Say what you will about KID ROCK — go ahead, say it, I’ll even pause the column for a second while you dig up some quips from your well-thumbed Jeff Foxworthy joke book — but I will not allow you to deny that the man is a fucking artiste. Like so many rock greats before him, he sees his albums as cohesive musical experiences that can’t be chopped apart into singles. This view puts him at odds with the likes of STEVE JOBS, the soulless Apple fat cat who believes that all albums must be butchered of context and sold in chunks to the slavering digital masses. Their disagreement, along with the famously artist-unfriendly iTunes royalty rates, has made the stringy-haired cowboy rebel one of the last holdouts against the digital juggernaut.
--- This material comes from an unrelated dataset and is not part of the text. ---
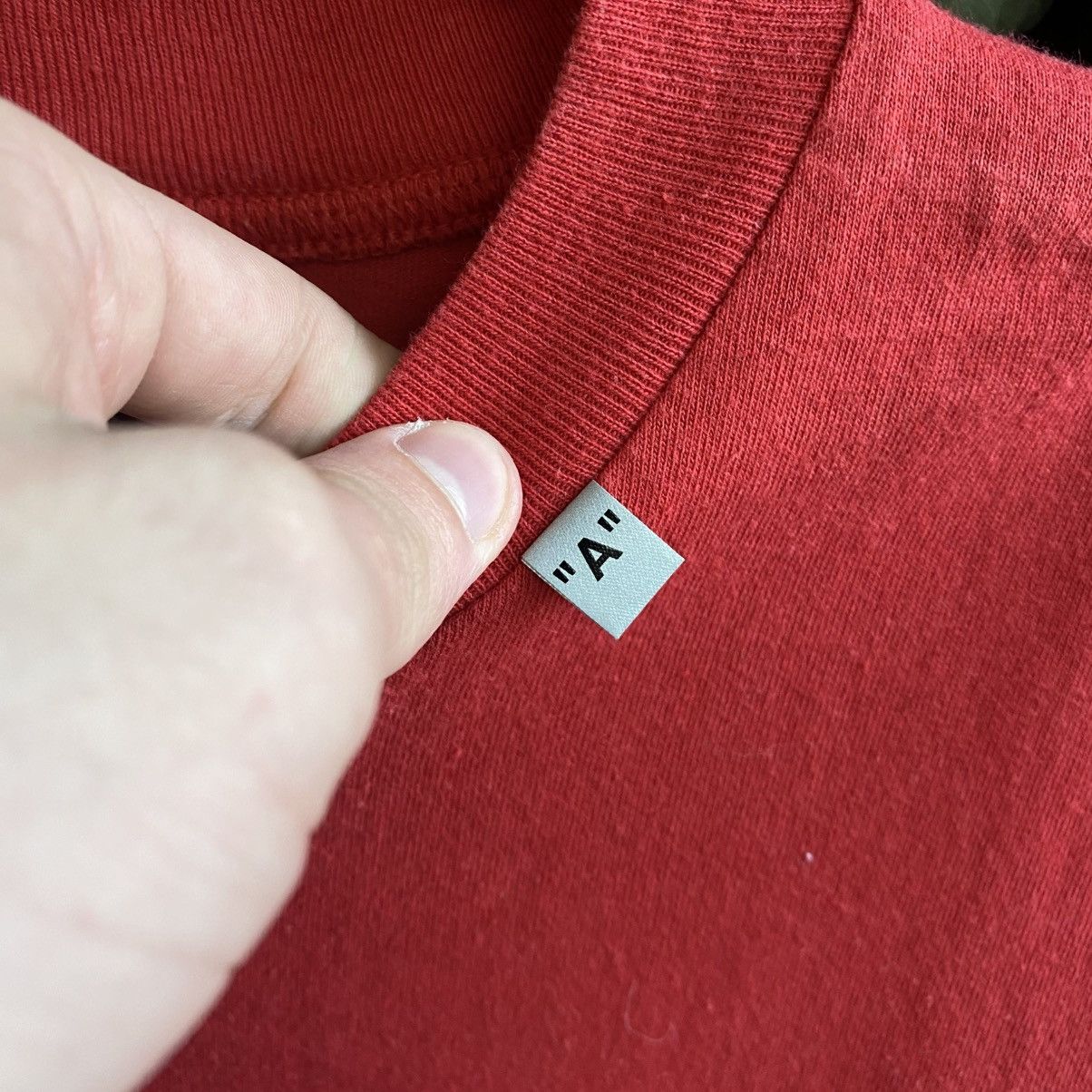 Off-White Luxury Off White big graphic logo y2k opium hype tee Size US S / EU 44-46 / 1 - 7 Thumbnail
Kid Rock’s refusal to put his major-label material on iTunes has coincided with a period of great commercial success. Even without digital sales, his ridiculous single “All Summer Long” has been a solid hit on the strength of heavy touring and steady airplay — which is surprising, since the track seems custom-designed to be patently offensive to rock fans. (And that’s “rock” without the capital R; its overbearing Puffy-style sampling swipes the riffs from the revered “Sweet Home Alabama” and “Werewolves of London,” tying them together with a flimsy melody and a distinct lack of original hooks.)
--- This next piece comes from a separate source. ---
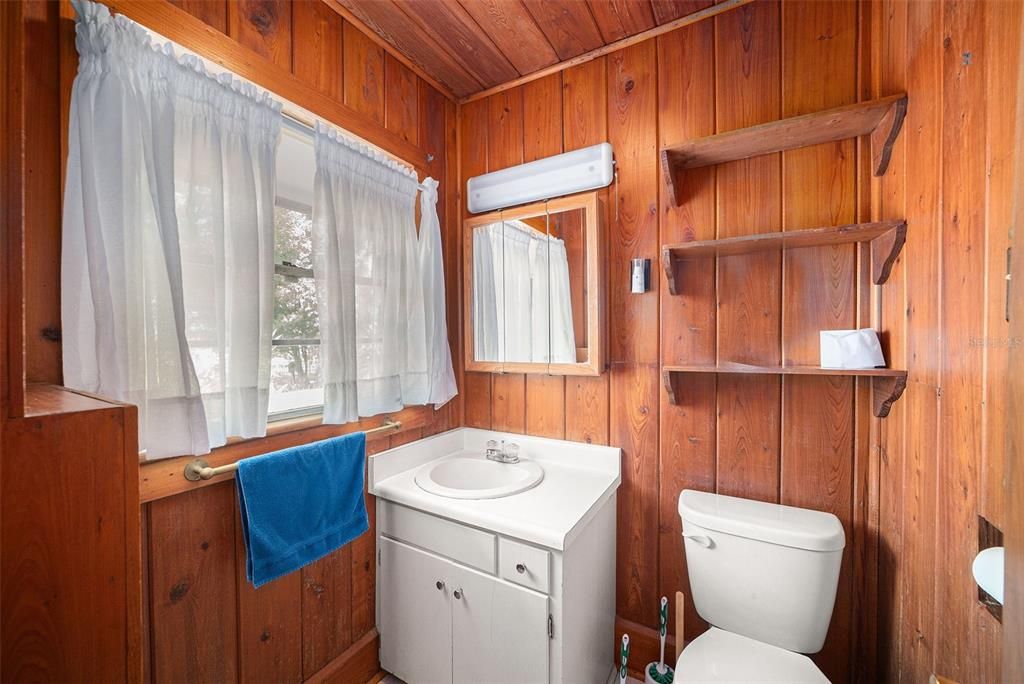 En Venta: $425,000 (3 camas, 2 baños, 2445 Pies cuadrados)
The digital demand for the track has been so great that a ridiculous iTunes cottage industry has sprung up to fill the Kid vacuum, with virtually identical karaoke versions recorded by gener-aoke acts like “Hit Masters,” “The Rock Heroes,” “Guitar Band,” and “The Southern All Stars” selling in the hundreds of thousands — it’s eerily reminiscent of those old “Liverpool Lads” and “English Beetles” records from the ’60s. The Hit Masters version, considered by fake-Kid-Rock connoisseurs to be the finest of the knockoffs, actually pulled a few spots ahead of Kid’s original in the pop charts a couple of months ago. Seriously.
Perhaps it was the humiliation of this injustice that persuaded Kid to relent: his material is at long last available for download (in full-album-only format, natch). Rhapsody — owned by RealNetworks, the company that years ago brought the word “buffering” into the lexicon of digital annoyance — seems like a perfect choice for Kid, since it’s willing to go along with his full albums-only policy and this works as a symbolic slap in the face to Apple. The service even has a feud going with iTunes; Rhapsody wants its proprietary, DRM-crippled file format to be playable on iPods, but Apple does not. Rhapsody created a converter program that would allow its files to be put on the ubiquitous machines; Apple responded with an iPod update that broke the files. That produced a nerdy little slapfight of software patches: Apple would break Rhapsody’s files with iPod software, Rhapsody would issue a patch to fix them, Apple would break them again, and so on. Finally, Apple hinted at a lawsuit and Rhapsody ran whimpering to the tree line.